Agnes Scott College

Charlotte Angas Scott in Bryn Mawr

A proof of Noether's fundamental theorem
Mathematische Annalen, Vol. 52 (1899), 593-597

Introduction

Noether's theorem, that under certain conditions as to behaviour at a point of intersection that is multiple on one or both of the curves, any curve F through the intersection of two curves U, V, has an equation of the form

BU + AV = 0,

is of such importance in an extensive field of algebraic investigation that the numerous papers dealing with it have all been devoted to the algebraic proof. This theorem, discovered in the course of, and developed for the sake of, purely algebraic researches, is not however tabooed to the geometer.
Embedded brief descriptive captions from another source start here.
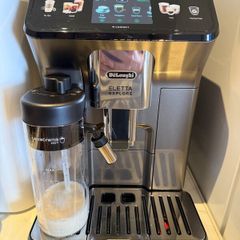 De'Longhi Eletta Explore Bean-to-Cup Coffee Machin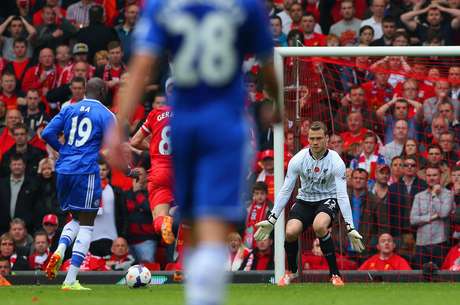 Demba Ba aproveitou vacilo de Gerrard para roubar a bola e abrir o placar para o Chelsea Demba Ba aproveitou vacilo de Gerrard para roubar a bola e abrir o placar para o Chelsea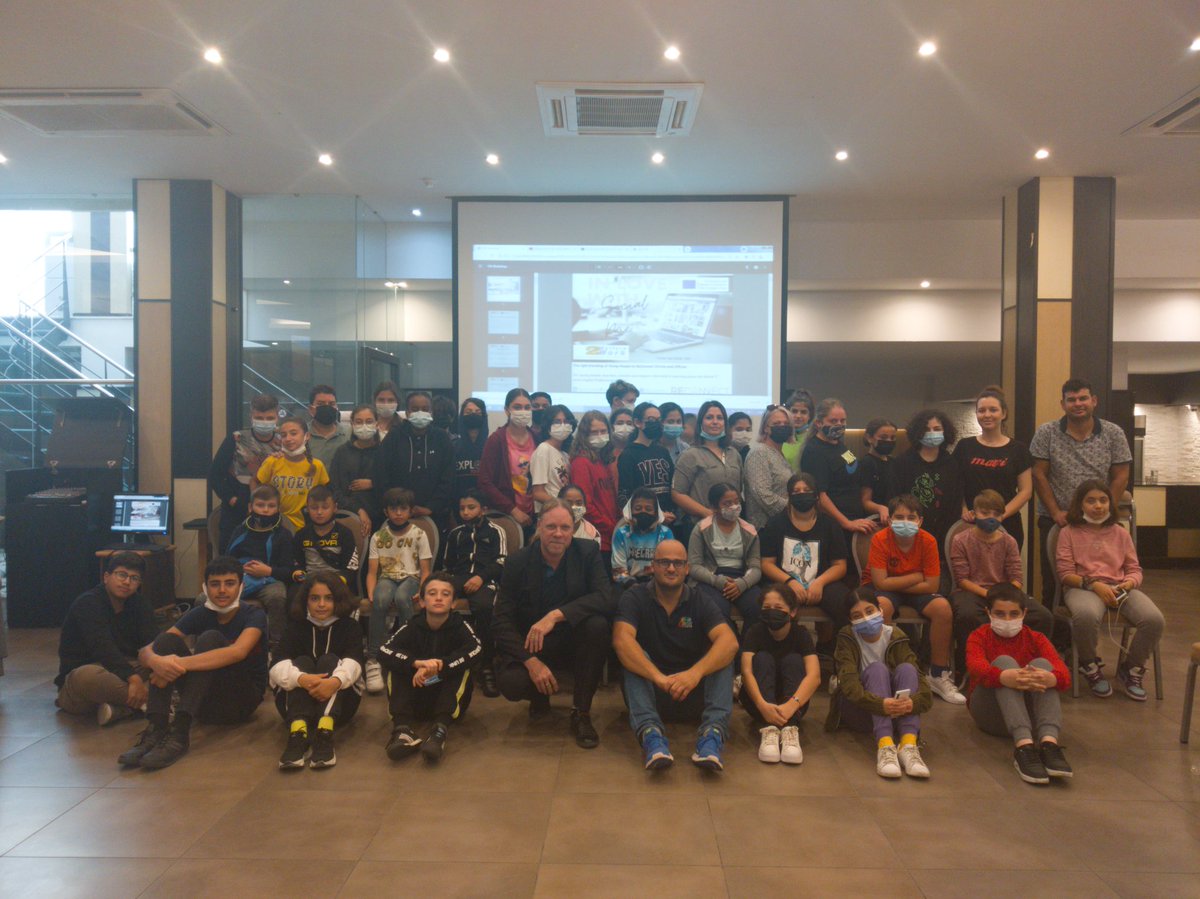 Pietervschie's tweet photo. Some 'offline' snapshots of our workshop in #Malta. During the #Reconnect learning mobility we talked about the first impression, branding yourself as the brand #I, making a great profile pic, #squinching and future social media norms and values... https://t.co/RKh04UGE9P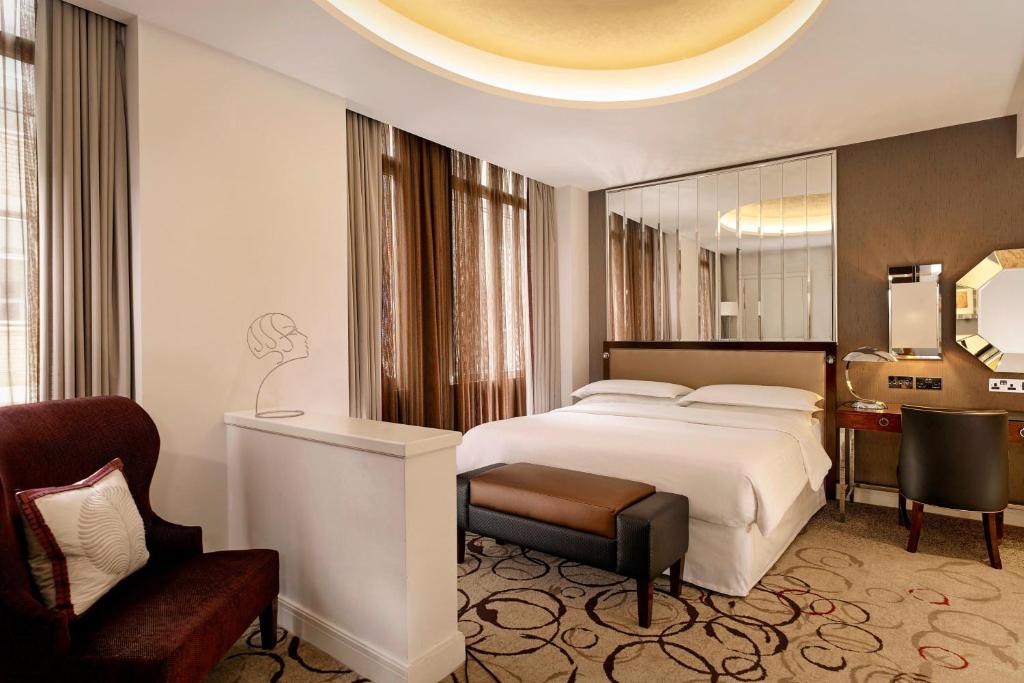 Sheraton Grand London Park Lane - Club Queen Room - Club Lounge Access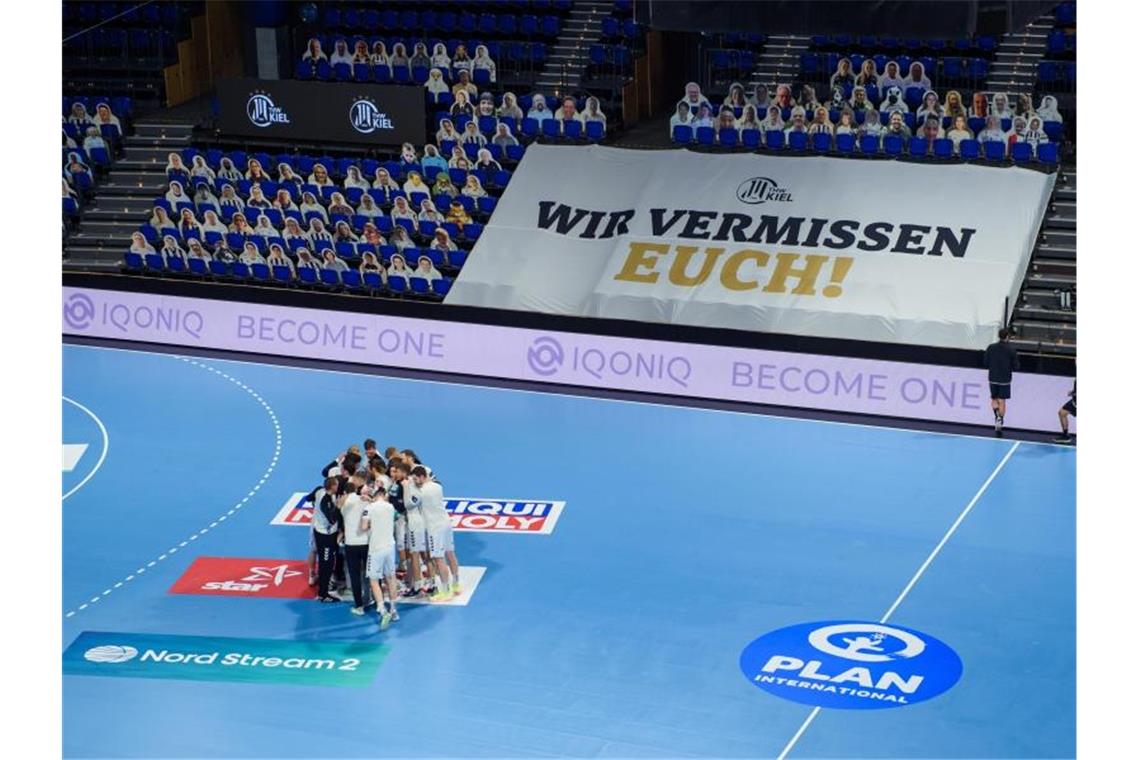 Geisterspiele: Frust und Sorgen in deutschen Profi-Ligen Leere Ränge gehören beim Handball künftig wieder zur Normalität. Beim THW-Kiel vermisst man die tollen Fans. Foto: Gregor Fischer/dpa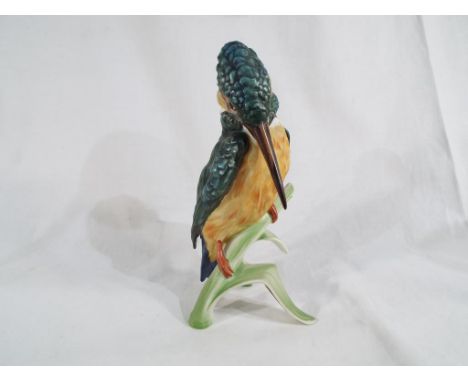 Goebel - a figurine depicting a Kingfisher, model no. CV128, 17 cm (high) - Est £20 - £30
If analytical geometry is to stake out its claim in the regions recently discovered by analysts, Noether's fundamental theorem must be established in a geometrical manner; but it does not appear that any simple proof depending on geometrical conceptions has yet been given. Cayley regarded the theorem as intuitive, for simple intersections. Zeuthen's proof depends on an elaborate determination of the number of conditions imposed by the intersections of two curves, when these are simple, the case of multiple intersections being then deduced by the somewhat dangerous process of proceeding to the limit. If the theorem can be established independently, it affords a satisfactory and immediate determination of the number of conditions imposed by the points common to two curves, and simplifies the proofs of various theorems relating to the intersections of curves.

Most of the applications in geometry arise from the fact that all the conditions to which F must be subject at a point that is of multiplicity q, r on U, V, can be satisfied by giving F a point of multiplicity q+r–1, unless any of the branches of U, V have contact; this case is reduced to depend on the preceding by means of Cremona transformations.